Je m'explique. La colère légitime de tous les gens qui sont impactés par Liana, on l'est tous. Parce qu'on se dit, ça pourrait être ma fille, ma sœur, etc. Et donc, il faut bien un moment qu'on prenne des mesures, pas uniquement qu'on fasse des manifestations. Donc, ce que nous, nous proposons, c'est la castration chimique qui existe dans d'autres pays pour faire en sorte que les monstres qui sont en liberté, lorsqu'ils sont condamnés, puissent être, de cette façon-là, empêchés. Parce que la réalité, c'est qu'on ne pourra pas mettre un magistrat, d'ailleurs, malheureusement, vous l'avez évoqué, le nombre d'agressions qui est énorme, il faut qu'on puisse aussi prévenir.
Et j'ajoute enfin un dernier point. C'est que les mêmes qui, aujourd'hui, nous disent « il faut voter la loi intégrale, il faut plus de moyens », récemment encore, ont voté contre des peines planchées pour des récidivistes. C'est assez curieux. C'est-à-dire qu'on dit, d'un côté, il faut des nouvelles lois, des nouveaux moyens. Mais lorsque l'Assemblée nationale a proposé que lorsqu'on sait que, par exemple, quelqu'un est déjà récidiviste, il a déjà violé plusieurs fois, il a déjà agressé, non, à ce moment-là, on ne veut pas l'emprisonner. Et enfin, j'en termine par là. Madame, pardon, mais il faut assumer que j'ai regardé le projet du Parti Socialiste pour la présidentielle.
Le projet du Parti Socialiste présidentiel dit « nous préférons des peines alternatives à la détention ». Moi, je vous le dis, c'est un scandale de proposer encore des peines alternatives à la détention pour des pédocriminels. Ça, peut-être qu'il y a une prise de conscience de la part d'un certain nombre de personnes à gauche. Les peines alternatives ne sont peut-être pas pour les pédocriminels. Ben si, puisque c'est des questions de condamnation. Vous savez que dans les agressions sexuelles... Ben oui, malheureusement. Et lorsque c'est requalifié en agression sexuelle, eh bien, on peut considérer que c'est des peines alternatives.

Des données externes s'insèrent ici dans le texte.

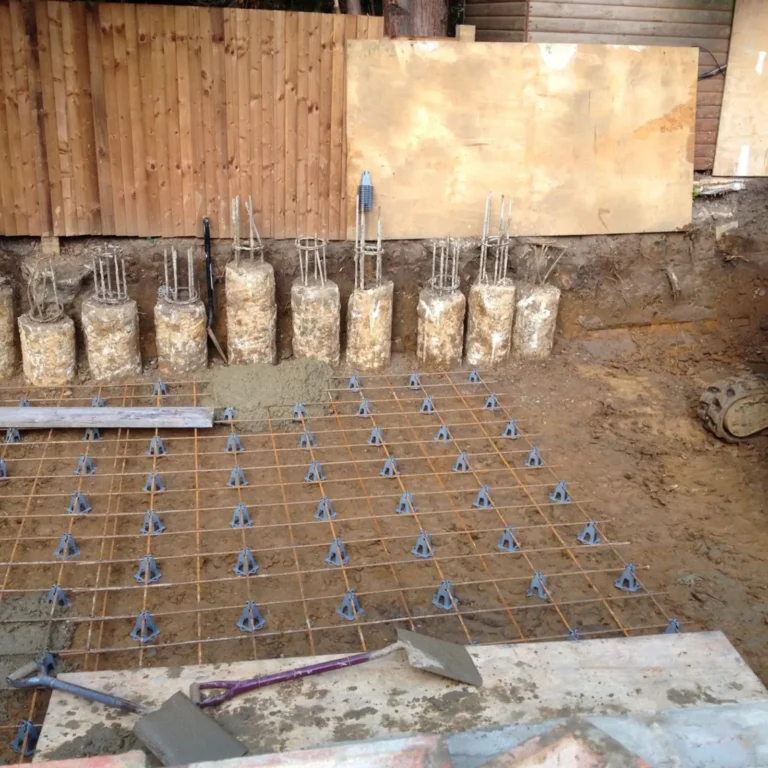 Rebar and concrete piles for a partial basement foundation.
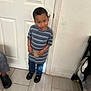 child, indoor, door, striped_shirt, blue_jeans, black_shoes, floor, tile, person, curious, standing, young_child, holding, expression, casual_clothing, home, wall, light_switch, shoe, footwear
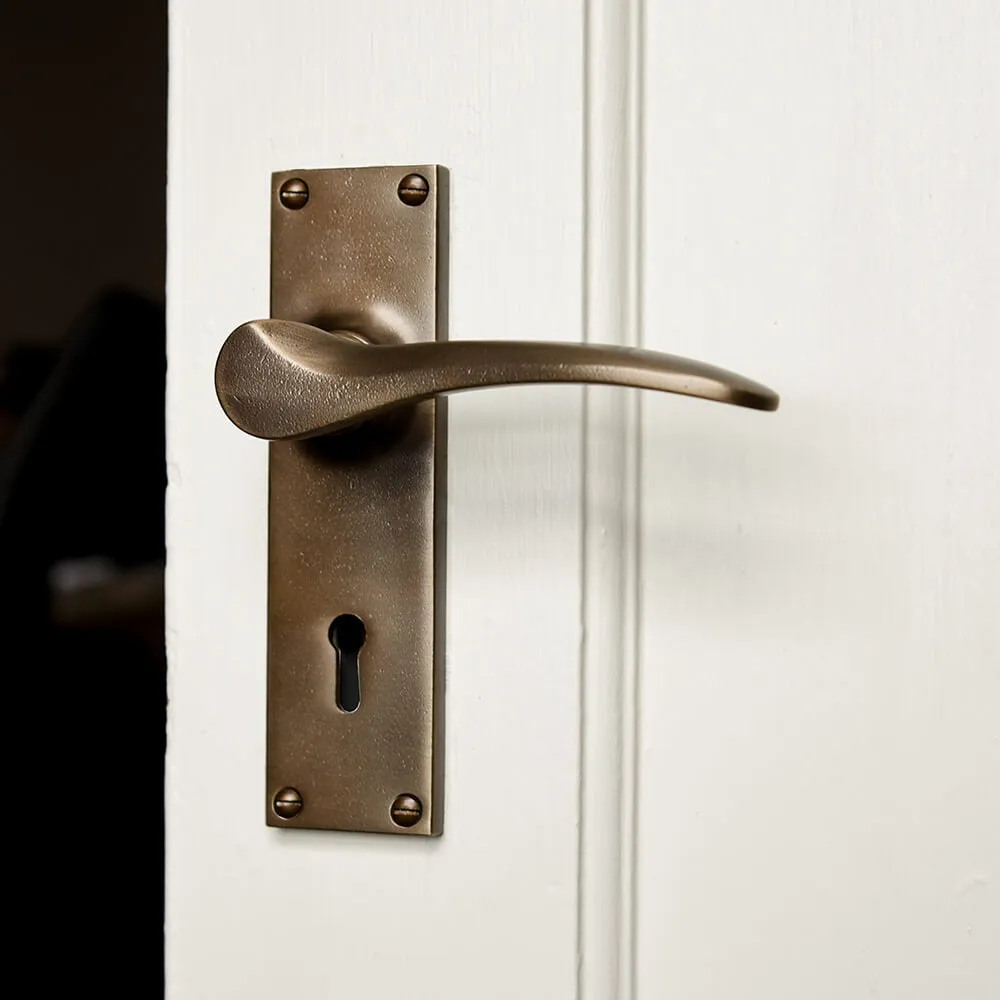 Distressed Antique Brass Penwerris Lever Lock Door Handles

Donc je demande à la fois qu'on mette en place c'est la demande de Bruno Retailleau et donc des Républicains, la castration chimique, la cour disciplinaire, et enfin qu'on retire, pour ceux qui veulent encore ça, les peines alternatives à la détention. La place de Jérôme Barrella, elle n'est pas dehors. La place de Jérôme Barrella, elle est en prison, parce qu'il y a des gens qui font du mal. Encore plus, oui, encore plus après.